March 8 is International Women’s Day – a day for celebrating the social, economic, cultural, and political achievements of women around the world. It’s also a day when calls for accelerating gender parity are most vocal.

This year’s focus is on ‘equity’ – the idea that people are all different, and that to be ‘fair’, people will need different types of assistance to reach their potential.

Our A Woman’s Place research series showed that higher female participation in the workforce isn’t just ethical, it’s also a solution to lacklustre economic growth in the developed world.
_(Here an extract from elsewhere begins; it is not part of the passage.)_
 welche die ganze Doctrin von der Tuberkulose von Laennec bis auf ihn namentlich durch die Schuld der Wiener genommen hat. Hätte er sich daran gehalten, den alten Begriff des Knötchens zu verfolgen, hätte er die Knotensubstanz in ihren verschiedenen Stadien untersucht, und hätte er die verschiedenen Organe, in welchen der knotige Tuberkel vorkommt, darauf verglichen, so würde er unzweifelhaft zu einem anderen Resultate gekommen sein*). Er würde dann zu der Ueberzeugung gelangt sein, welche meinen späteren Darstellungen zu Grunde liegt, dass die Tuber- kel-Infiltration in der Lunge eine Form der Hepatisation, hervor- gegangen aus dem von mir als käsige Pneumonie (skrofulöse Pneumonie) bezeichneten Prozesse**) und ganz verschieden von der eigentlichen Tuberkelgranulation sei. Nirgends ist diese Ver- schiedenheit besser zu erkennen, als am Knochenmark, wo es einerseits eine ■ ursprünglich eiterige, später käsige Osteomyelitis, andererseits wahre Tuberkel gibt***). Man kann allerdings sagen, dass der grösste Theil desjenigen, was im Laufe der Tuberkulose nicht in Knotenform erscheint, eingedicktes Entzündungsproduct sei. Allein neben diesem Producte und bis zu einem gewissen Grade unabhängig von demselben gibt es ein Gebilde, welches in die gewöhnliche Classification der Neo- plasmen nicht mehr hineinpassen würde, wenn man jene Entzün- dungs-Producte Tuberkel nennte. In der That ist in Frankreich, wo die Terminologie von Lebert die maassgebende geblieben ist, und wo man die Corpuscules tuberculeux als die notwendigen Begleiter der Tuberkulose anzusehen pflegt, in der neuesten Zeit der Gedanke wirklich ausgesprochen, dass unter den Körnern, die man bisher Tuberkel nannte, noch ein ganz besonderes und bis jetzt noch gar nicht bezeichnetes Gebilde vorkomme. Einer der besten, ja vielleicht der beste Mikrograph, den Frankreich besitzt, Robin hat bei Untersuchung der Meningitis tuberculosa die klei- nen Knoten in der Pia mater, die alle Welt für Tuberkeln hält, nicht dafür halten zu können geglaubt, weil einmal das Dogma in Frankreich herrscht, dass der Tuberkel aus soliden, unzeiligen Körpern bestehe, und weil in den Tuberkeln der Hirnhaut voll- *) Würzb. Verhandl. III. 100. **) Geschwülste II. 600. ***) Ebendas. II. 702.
We created the Gender Equality Index (GEI), as part of this series, to assess the levels of gender equality in 29 Organisation for Economic Co-operation and Development (OECD) countries.

Leaders, laggards

Perhaps not surprisingly, Nordic countries – Sweden, Denmark, Norway and Finland – continue to top the ranking in the latest GEI update, a reflection of those countries’ long history of progressive social policies that give women there more choices (See Chart 1).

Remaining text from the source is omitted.